» WHAT THIS TASK INVOLVES:
Each record here should be printed again exactly; please leave its pictures out.
- - - - -
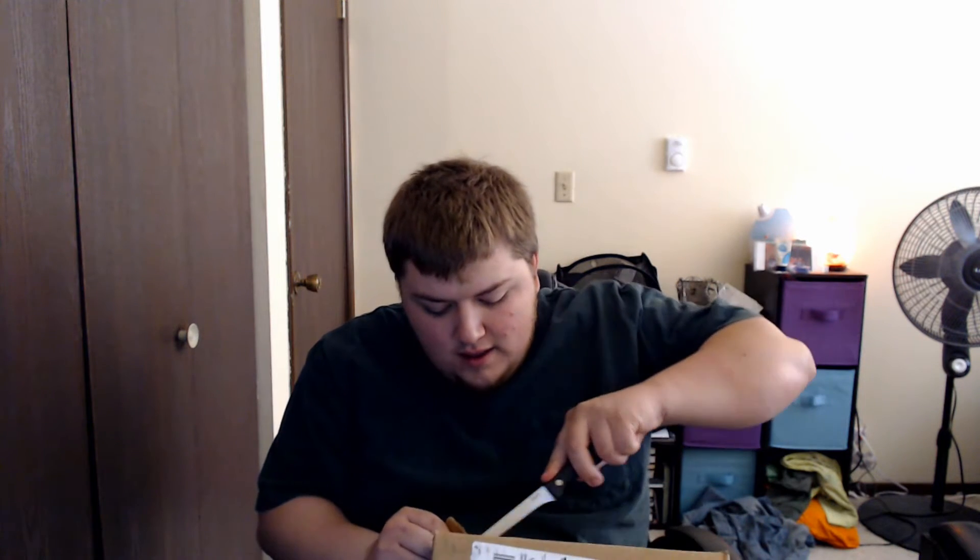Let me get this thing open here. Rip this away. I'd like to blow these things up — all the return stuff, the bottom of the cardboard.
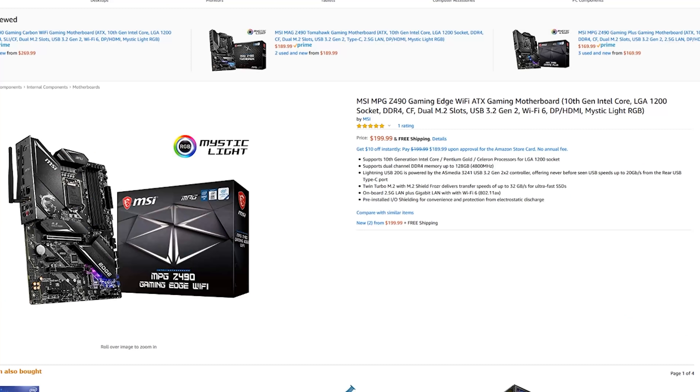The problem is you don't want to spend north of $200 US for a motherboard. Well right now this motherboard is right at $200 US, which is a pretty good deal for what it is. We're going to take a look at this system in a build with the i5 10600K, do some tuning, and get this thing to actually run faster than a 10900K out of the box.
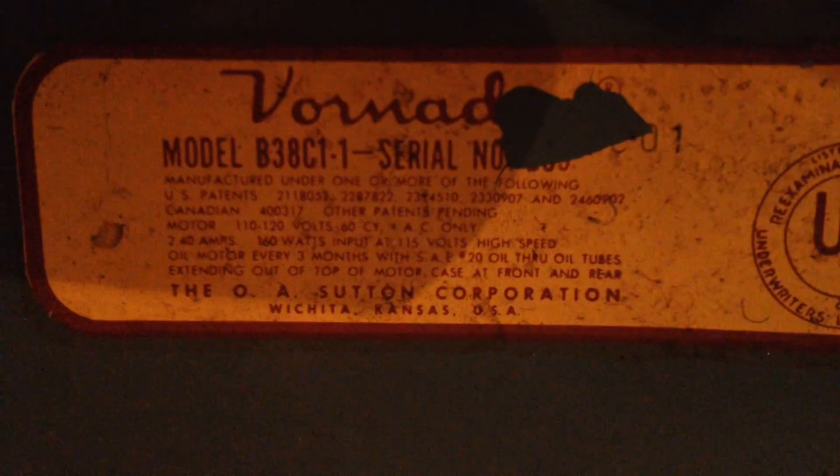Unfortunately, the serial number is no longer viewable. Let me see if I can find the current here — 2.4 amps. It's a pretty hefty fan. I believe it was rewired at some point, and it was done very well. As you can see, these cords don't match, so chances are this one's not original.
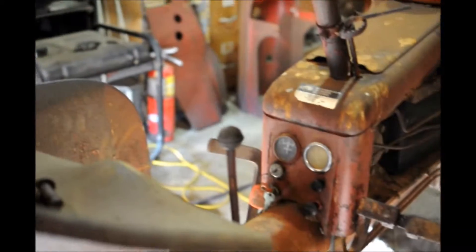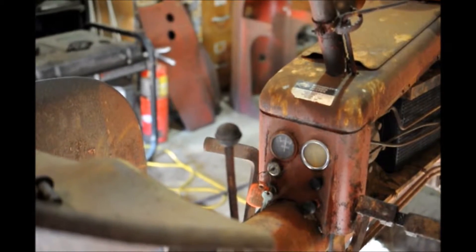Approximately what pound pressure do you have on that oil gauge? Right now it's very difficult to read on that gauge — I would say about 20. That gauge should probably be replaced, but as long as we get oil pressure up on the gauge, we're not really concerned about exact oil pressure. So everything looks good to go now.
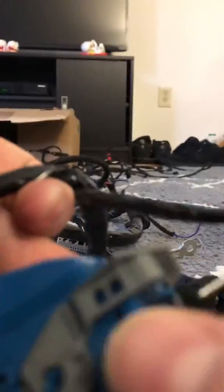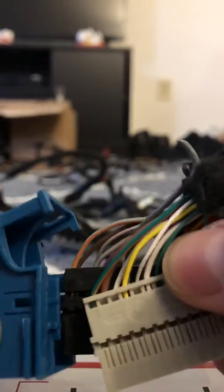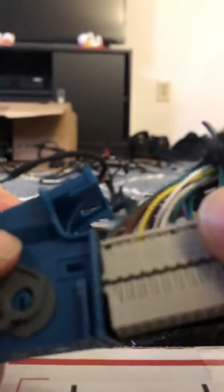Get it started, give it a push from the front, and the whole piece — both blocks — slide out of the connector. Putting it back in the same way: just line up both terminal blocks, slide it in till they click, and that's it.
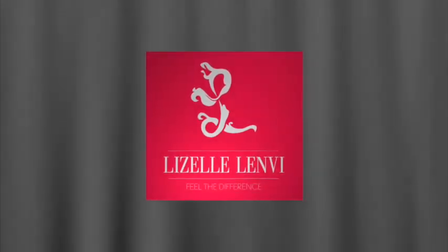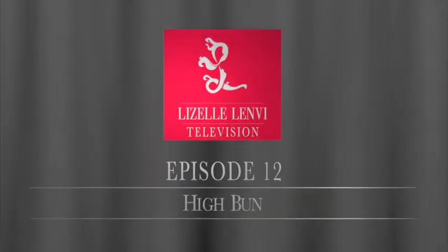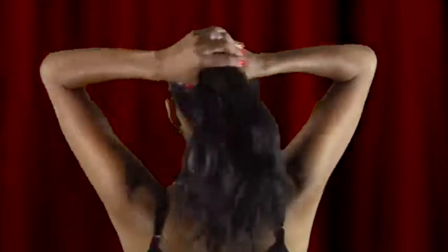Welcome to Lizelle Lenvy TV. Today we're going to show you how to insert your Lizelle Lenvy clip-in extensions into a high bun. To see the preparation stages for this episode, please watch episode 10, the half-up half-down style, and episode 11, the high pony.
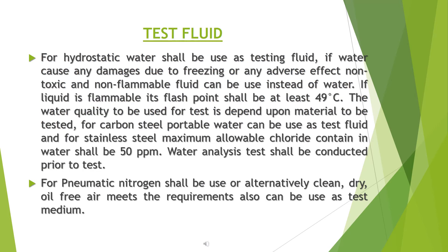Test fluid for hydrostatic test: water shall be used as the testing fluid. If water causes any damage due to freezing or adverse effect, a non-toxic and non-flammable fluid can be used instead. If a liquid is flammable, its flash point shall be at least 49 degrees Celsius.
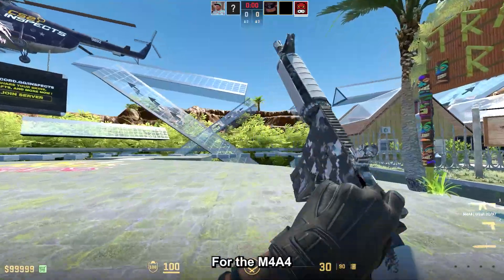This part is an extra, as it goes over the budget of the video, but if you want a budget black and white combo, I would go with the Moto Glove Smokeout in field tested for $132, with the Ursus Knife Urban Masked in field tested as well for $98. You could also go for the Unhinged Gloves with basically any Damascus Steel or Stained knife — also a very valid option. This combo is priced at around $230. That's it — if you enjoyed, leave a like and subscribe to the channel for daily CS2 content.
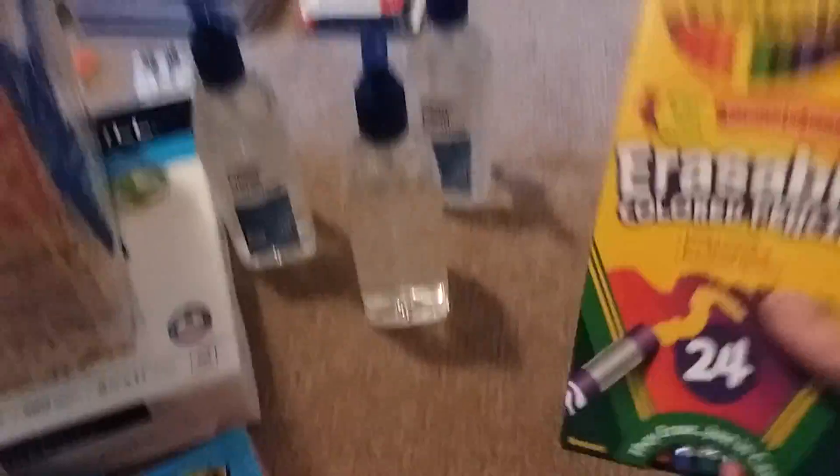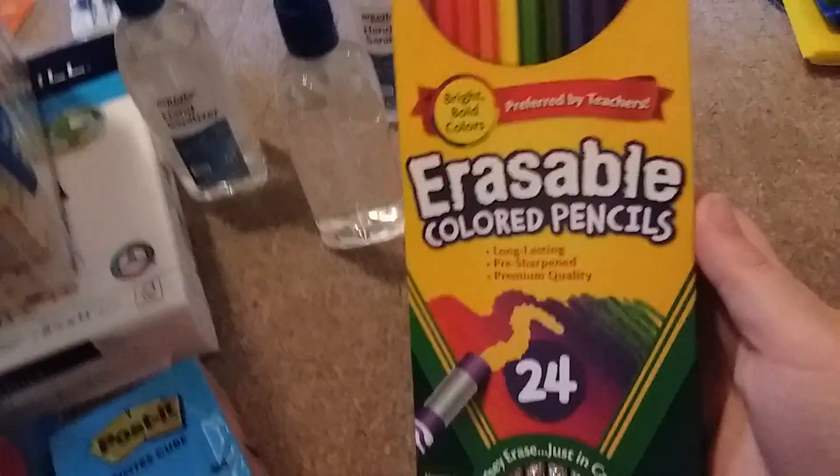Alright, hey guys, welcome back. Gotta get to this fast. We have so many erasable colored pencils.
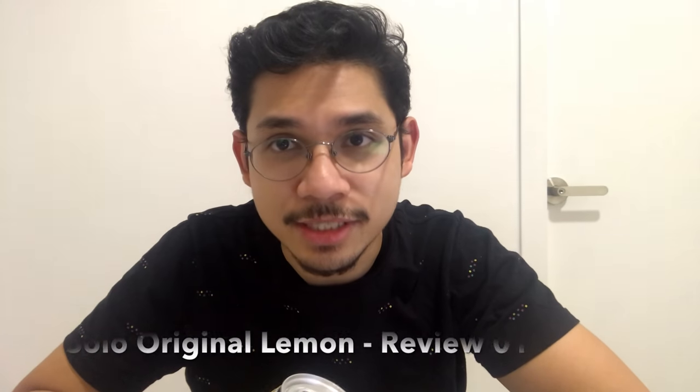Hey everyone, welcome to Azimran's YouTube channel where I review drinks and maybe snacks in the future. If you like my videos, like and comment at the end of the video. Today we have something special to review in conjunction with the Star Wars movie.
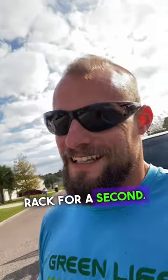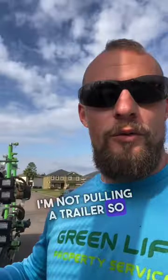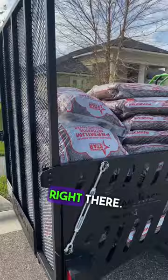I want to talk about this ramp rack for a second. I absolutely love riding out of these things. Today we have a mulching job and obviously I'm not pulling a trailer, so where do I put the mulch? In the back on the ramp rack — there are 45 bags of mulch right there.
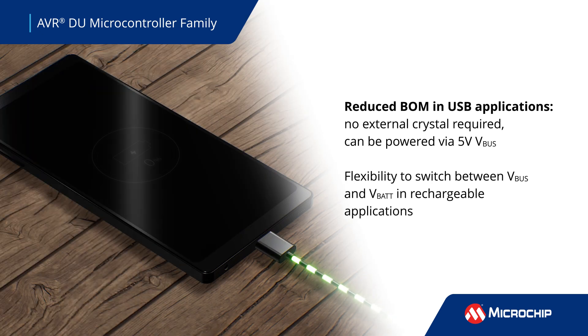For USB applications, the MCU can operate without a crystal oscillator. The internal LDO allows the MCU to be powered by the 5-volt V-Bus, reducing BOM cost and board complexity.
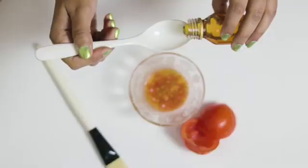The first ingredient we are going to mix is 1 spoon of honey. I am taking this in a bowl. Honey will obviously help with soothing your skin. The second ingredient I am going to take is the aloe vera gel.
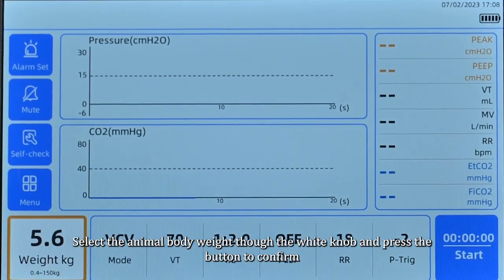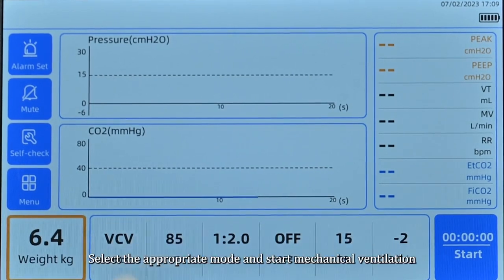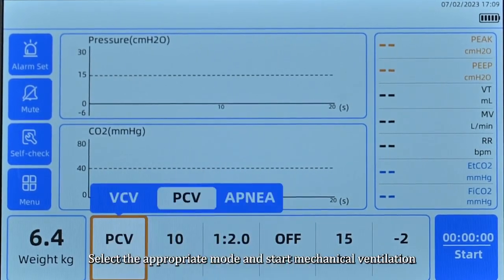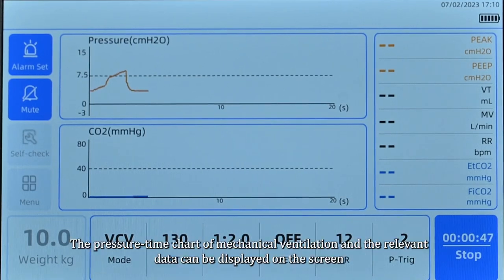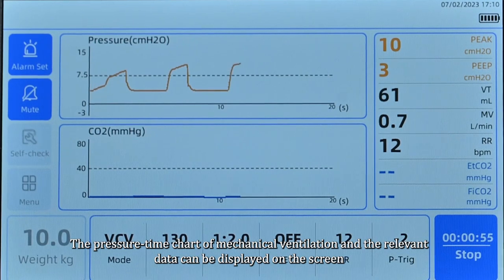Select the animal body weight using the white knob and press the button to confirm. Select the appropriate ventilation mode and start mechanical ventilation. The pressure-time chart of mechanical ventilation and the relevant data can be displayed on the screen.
- - - - -
» OUTPUT FOR THIS TASK:
Let me get this thing open here. Rip this away. I'd like to blow these things up — all the return stuff, the bottom of the cardboard.
The problem is you don't want to spend north of $200 US for a motherboard. Well right now this motherboard is right at $200 US, which is a pretty good deal for what it is. We're going to take a look at this system in a build with the i5 10600K, do some tuning, and get this thing to actually run faster than a 10900K out of the box.
Unfortunately, the serial number is no longer viewable. Let me see if I can find the current here — 2.4 amps. It's a pretty hefty fan. I believe it was rewired at some point, and it was done very well. As you can see, these cords don't match, so chances are this one's not original.
Approximately what pound pressure do you have on that oil gauge? Right now it's very difficult to read on that gauge — I would say about 20. That gauge should probably be replaced, but as long as we get oil pressure up on the gauge, we're not really concerned about exact oil pressure. So everything looks good to go now.
Get it started, give it a push from the front, and the whole piece — both blocks — slide out of the connector. Putting it back in the same way: just line up both terminal blocks, slide it in till they click, and that's it.
Welcome to Lizelle Lenvy TV. Today we're going to show you how to insert your Lizelle Lenvy clip-in extensions into a high bun. To see the preparation stages for this episode, please watch episode 10, the half-up half-down style, and episode 11, the high pony.
Test fluid for hydrostatic test: water shall be used as the testing fluid. If water causes any damage due to freezing or adverse effect, a non-toxic and non-flammable fluid can be used instead. If a liquid is flammable, its flash point shall be at least 49 degrees Celsius.
This part is an extra, as it goes over the budget of the video, but if you want a budget black and white combo, I would go with the Moto Glove Smokeout in field tested for $132, with the Ursus Knife Urban Masked in field tested as well for $98. You could also go for the Unhinged Gloves with basically any Damascus Steel or Stained knife — also a very valid option. This combo is priced at around $230. That's it — if you enjoyed, leave a like and subscribe to the channel for daily CS2 content.
Alright, hey guys, welcome back. Gotta get to this fast. We have so many erasable colored pencils.
Hey everyone, welcome to Azimran's YouTube channel where I review drinks and maybe snacks in the future. If you like my videos, like and comment at the end of the video. Today we have something special to review in conjunction with the Star Wars movie.
I want to talk about this ramp rack for a second. I absolutely love riding out of these things. Today we have a mulching job and obviously I'm not pulling a trailer, so where do I put the mulch? In the back on the ramp rack — there are 45 bags of mulch right there.
For USB applications, the MCU can operate without a crystal oscillator. The internal LDO allows the MCU to be powered by the 5-volt V-Bus, reducing BOM cost and board complexity.
The first ingredient we are going to mix is 1 spoon of honey. I am taking this in a bowl. Honey will obviously help with soothing your skin. The second ingredient I am going to take is the aloe vera gel.
Select the animal body weight using the white knob and press the button to confirm. Select the appropriate ventilation mode and start mechanical ventilation. The pressure-time chart of mechanical ventilation and the relevant data can be displayed on the screen.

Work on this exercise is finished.